После разговора с Лептаговым Бальменова была убеждена, что ей самой без помощи отца завязать со скопцами отношения не удастся, и приготовилась терпеливо ждать ответа, однако так совпало, что спустя два дня после оказии к ней подошел преподаватель математики из Кимрского уездного училища. Он тоже пел в хоре, и ей было известно, что Лептагов и этот человек довольно близки. Их часто можно было видеть прогуливающимися вместе, пару раз она встречала его и у дома Лептагова, когда приходила с Краусом.
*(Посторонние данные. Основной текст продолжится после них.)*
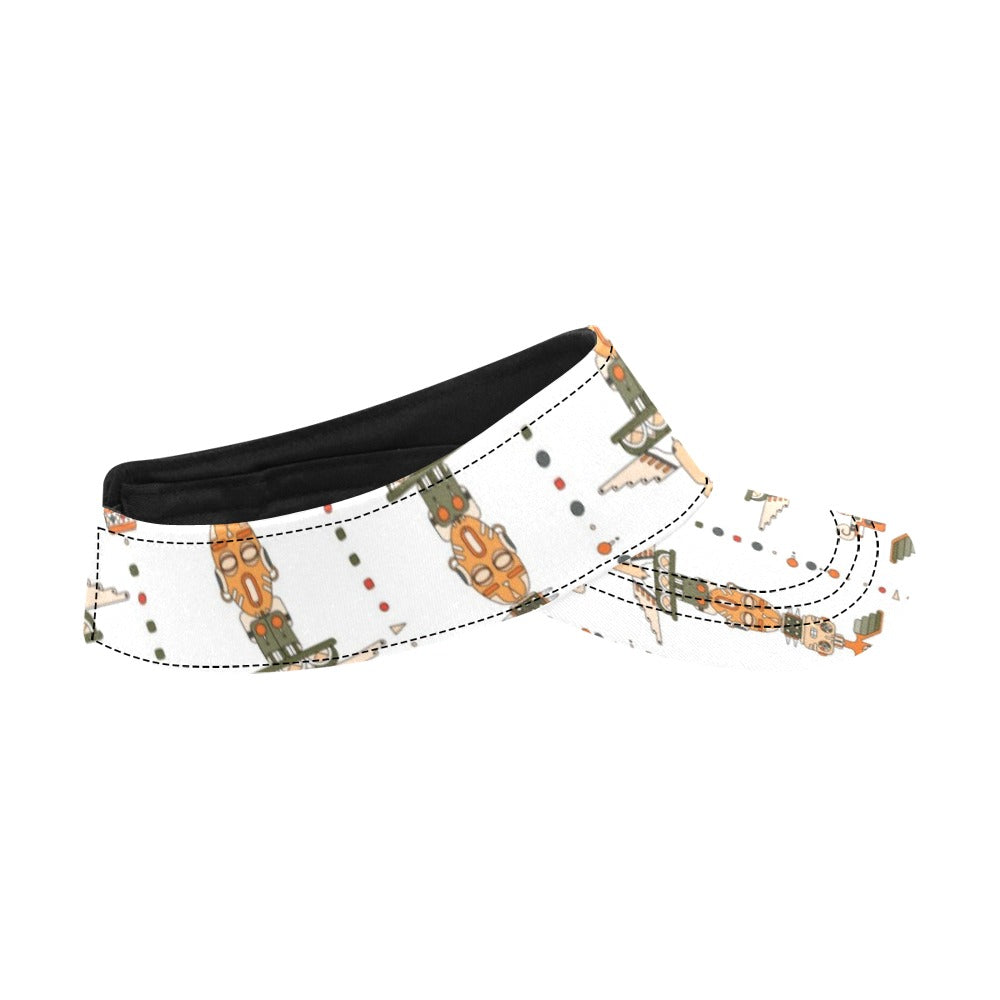 Totem Print Design LKS302 Unisex Sun Visor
Она никогда бы не подумала на него, что он из хлыстов, вообще из сектантов – обычный провинциальный учитель, и была очень удивлена, когда он после очередной репетиции предложил ей побеседовать, сказав при этом, что слышал, как она интересуется скопцами и хлыстами.

Они пошли по той же дорожке от церкви Николая Угодника вниз к Волге, где она однажды уже видела гуляющими его и Лептагова (она сразу это отметила), и говорил он очень похоже на то, что она ожидала от него услышать, только, пожалуй, еще скучнее. Целый час он, неизвестно зачем, восторженно ей объяснял, почему математические способности так часто соседствуют с музыкальными, и только потом перешел к хлыстам. Рассказывал он о них, конечно, более связно и убедительно, чем Лептагов – все-таки это была его вера, его жизнь, – но, к сожалению, ничего обнадеживающего для себя она не услышала: он тоже ей сказал, что, несмотря на то, что они вместе поют, они совсем разные. Даже удивительно, насколько они не похожи друг на друга. Для них, верующих в живого Бога, всё, что связано с женщиной, с лепостью, – ключи от ада, от бездны, коими человек чуть ли не каждый день открывает страшную дверь, и они – будь то скопцы, которые, боясь своей слабости и силы искушения, лишают себя самой возможности впасть в грех, или хлысты, которые пытаются спастись так, без повреждения членов, – равно убеждены, что плотская любовь есть зло, абсолютное зло; для эсеров же она – источник радости и наслаждения, источник жизни и веселья. Вряд ли они когда-нибудь смогут понять друг друга, а не понимая, невозможно и довериться. Хотя, добавил учитель мягче, то, что она предлагает и что в общих чертах передал ему Лептагов, не лишено интереса. Обе группы временами и вправду могли бы оказывать друг другу услуги, например, деньгами или укрывая людей. Но и всё. «Ведь люди, пришедшие к нам, – закончил он, – сразу попадают в другой мир, вы же свой еще только хотите построить».